What you should give back is every line from the one containing "Lacado. Roble Herdasa" through the last line of the records below, word for word and without pictures.
*** Opening GIVEN RECORDS ***
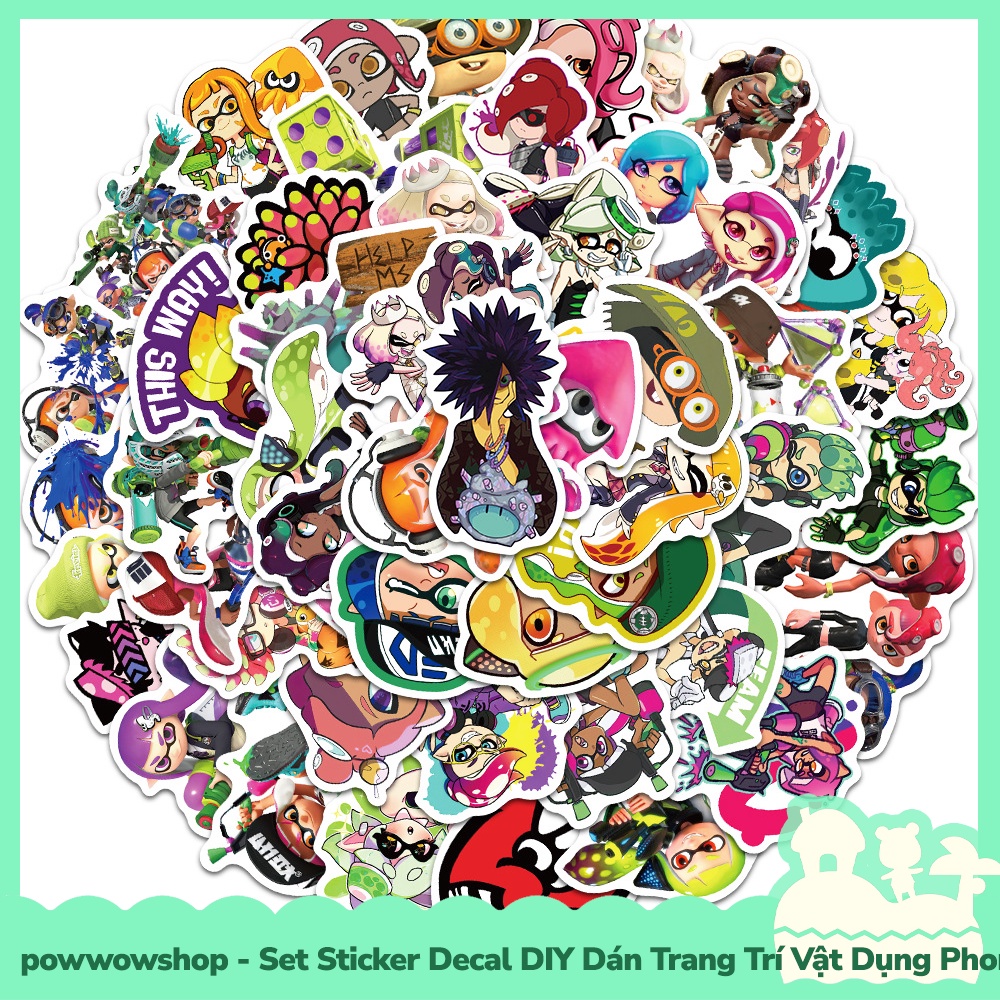 [Sẵn VN - Hỏa Tốc] Set Bộ 50 Miếng Sticker DIY Chống Thấm Nước Dán Trang Trí Vật Dụng Phong Cách Nhân Vật Game Splatoon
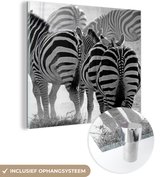 MuchoWow® Glasschilderij 90x90 cm - Schilderij acrylglas - Lopende zebra's - Foto op glas - Schilderijen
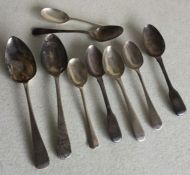 A group of various fiddle pattern and other silver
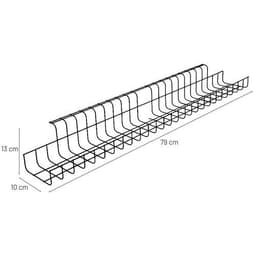 Goulotte passe-câbles ouverte Twin-Larg 18.5-Long 79-Ht 10 cm Argent - Image 4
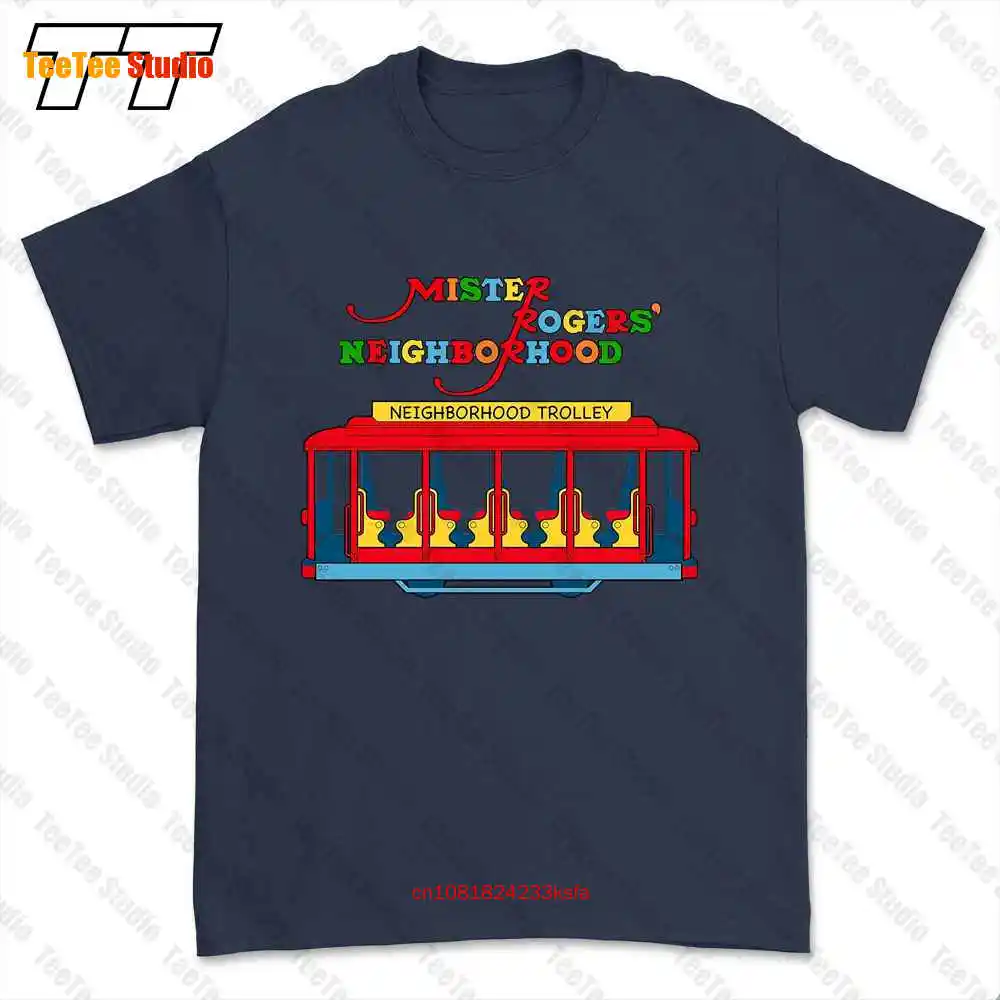 Mister Rogers Neighborhood Trolley Vivid Crewneck Luv T-shirt Tee 48M5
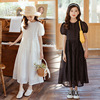 女童白色连衣裙夏装2024韩版童装儿童泡泡，短袖公主裙子中大童长裙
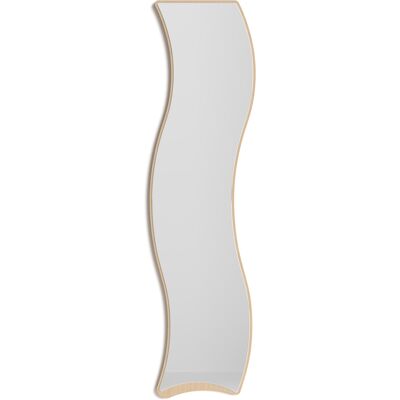 Herdasa Espejo De Pared Curvas, 170x45, Colección Looker, En Mdf Chapado En Haya Y Lacado. Roble Herdasa Espejo De Pared Curvas, 170x45, Colección Looker, En Mdf Chapado En Haya Y Lacado. Roble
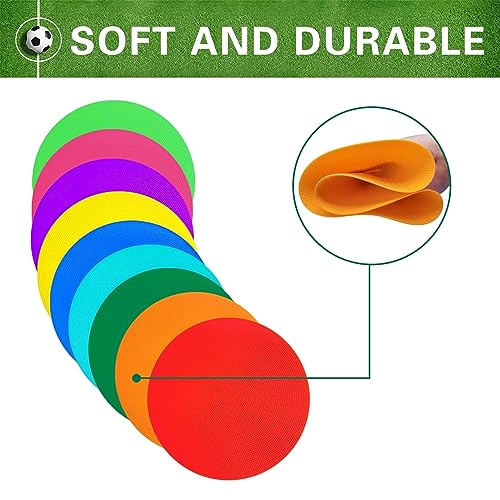 Poly Spot Markers 4.73 inch/10 inch 12 Pcs Non-Slip Rubber Agility Training Markers Floor Dots Flat Field Cones for Football, Soccer, Basketball, School Exercise Drills, Dance Practice - style: 10 inch 18 Pcs (9 Colors)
*** Closing GIVEN RECORDS ***
_SOLUTION FOR THIS TASK_
 Herdasa Espejo De Pared Curvas, 170x45, Colección Looker, En Mdf Chapado En Haya Y Lacado. Roble Herdasa Espejo De Pared Curvas, 170x45, Colección Looker, En Mdf Chapado En Haya Y Lacado. Roble
 Poly Spot Markers 4.73 inch/10 inch 12 Pcs Non-Slip Rubber Agility Training Markers Floor Dots Flat Field Cones for Football, Soccer, Basketball, School Exercise Drills, Dance Practice - style: 10 inch 18 Pcs (9 Colors)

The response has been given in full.